◆ TO DO ◆
In the entries below, find the line with "Produktbild von Mazine" and the line with "TMNT Splatfest! Mikey"; give again those lines and every line between them, exactly.
------------------------
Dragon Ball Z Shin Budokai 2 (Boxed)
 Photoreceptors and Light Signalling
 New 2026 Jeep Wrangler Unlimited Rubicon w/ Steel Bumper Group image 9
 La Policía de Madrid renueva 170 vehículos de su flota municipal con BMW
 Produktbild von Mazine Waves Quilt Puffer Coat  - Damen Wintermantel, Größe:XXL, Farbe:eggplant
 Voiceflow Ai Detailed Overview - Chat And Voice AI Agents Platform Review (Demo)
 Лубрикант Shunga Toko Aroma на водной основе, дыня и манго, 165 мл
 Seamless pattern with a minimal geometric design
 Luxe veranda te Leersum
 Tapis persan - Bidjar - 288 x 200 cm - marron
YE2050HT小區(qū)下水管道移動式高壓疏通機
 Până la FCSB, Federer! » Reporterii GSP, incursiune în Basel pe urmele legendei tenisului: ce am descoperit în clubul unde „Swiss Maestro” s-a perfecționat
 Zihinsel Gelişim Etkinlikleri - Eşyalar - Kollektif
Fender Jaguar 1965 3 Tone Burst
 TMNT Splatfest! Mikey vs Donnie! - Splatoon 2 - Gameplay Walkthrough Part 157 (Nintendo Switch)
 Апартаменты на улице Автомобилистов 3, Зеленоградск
------------------------
◆ TASK ANSWER ◆
 Produktbild von Mazine Waves Quilt Puffer Coat  - Damen Wintermantel, Größe:XXL, Farbe:eggplant
 Voiceflow Ai Detailed Overview - Chat And Voice AI Agents Platform Review (Demo)
 Лубрикант Shunga Toko Aroma на водной основе, дыня и манго, 165 мл
 Seamless pattern with a minimal geometric design
 Luxe veranda te Leersum
 Tapis persan - Bidjar - 288 x 200 cm - marron
YE2050HT小區(qū)下水管道移動式高壓疏通機
 Până la FCSB, Federer! » Reporterii GSP, incursiune în Basel pe urmele legendei tenisului: ce am descoperit în clubul unde „Swiss Maestro” s-a perfecționat
 Zihinsel Gelişim Etkinlikleri - Eşyalar - Kollektif
Fender Jaguar 1965 3 Tone Burst
 TMNT Splatfest! Mikey vs Donnie! - Splatoon 2 - Gameplay Walkthrough Part 157 (Nintendo Switch)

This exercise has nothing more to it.